# Number Properties : LCM, HCF

This question is a relatively easy question on LCM and HCF of two numbers.

### Question

If the product of two positive integers is 144, which of the following could be the LCM and HCF of the two numbers?
I. LCM : 24; HCF : 6
II. LCM : 18; HCF : 8
III. LCM : 16; HCF : 9

A. I only
B. II and III only
C. I and II only
D. I and III only
E. I, II and III

Result 1:
The product of two positive integers 'a' and 'b' is equal to the product of the LCM (a, b) and HCF (a, b).
i.e., a * b = LCM (a, b) * HCF (a, b)

Result 2:
HCF is a factor of both the positive integers.
LCM is a multiple of both the positive integers.
So, it is evident that the LCM of the two positive integers has to be a multiple of the HCF of the two numbers.

Combining these two results, we have to find out which among the pairs has a product of 144 such that the LCM is a multiple of the HCF.

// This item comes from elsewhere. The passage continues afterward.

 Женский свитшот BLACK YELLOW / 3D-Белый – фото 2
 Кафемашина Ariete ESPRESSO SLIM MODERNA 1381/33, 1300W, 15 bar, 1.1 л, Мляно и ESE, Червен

I. LCM : 24 and HCF : 6. Product of the LCM and HCF = 24 * 6 = 144. The LCM 24 is a multiple of the HCF 6. Hence, this is a possible pair.

II. LCM : 18 and HCF : 8. Product of the LCM and HCF = 18 * 8 = 144. However, the LCM 18 is NOT a multiple of the HCF 8. Hence, this one is not a possible pair.

III. LCM : 16 and HCF : 9. Product of the LCM and HCF = 16 * 9 = 144. However, the LCM 16 is NOT a multiple of the HCF 9. Hence, this one is also not a possible pair.